■ **Task instructions**:
Each entry should be returned exactly as written, with no pictures carried over.

■ **Excerpts from a dataset**:
_ _ _
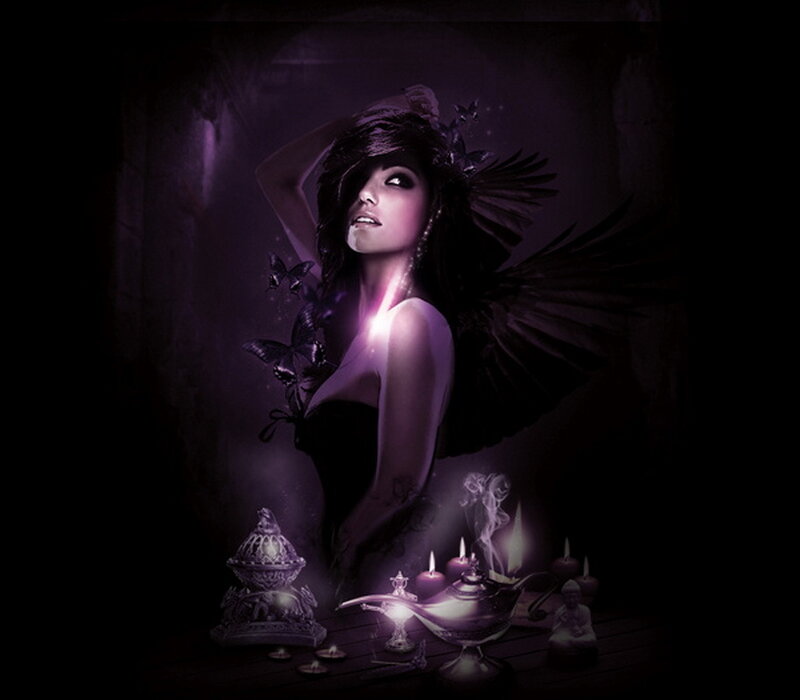 Woman with Dark Wings — Purple, Dramatic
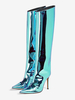 Kniestiefel für Damen in Metallic-Optik spitze Zehenpartie Stilettoabsatz knielange Stiefel
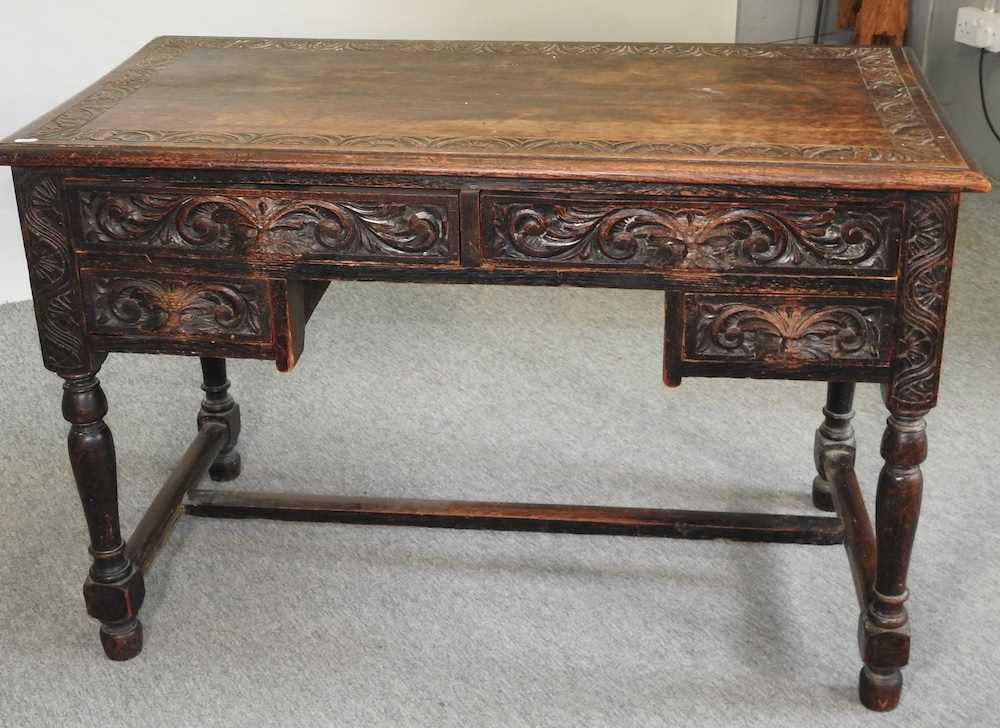 A 19th century carved oak kneehole desk - Image 3 of 8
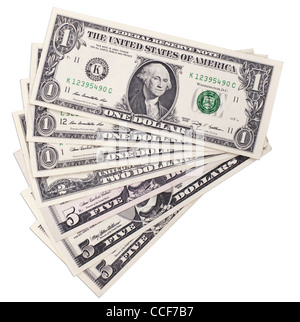 kleine Dollarscheine isoliert auf weißem Hintergrund Stockfoto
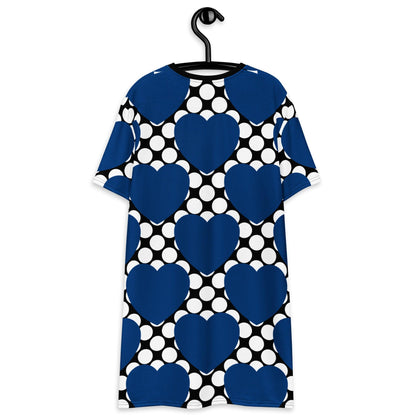 T-Shirt Dress - ELLIE LOVE DOT blue black - Bold Heart Print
_ _ _
■ **Answer space**:
 Woman with Dark Wings — Purple, Dramatic
 Kniestiefel für Damen in Metallic-Optik spitze Zehenpartie Stilettoabsatz knielange Stiefel
 A 19th century carved oak kneehole desk - Image 3 of 8
 kleine Dollarscheine isoliert auf weißem Hintergrund Stockfoto
 T-Shirt Dress - ELLIE LOVE DOT blue black - Bold Heart Print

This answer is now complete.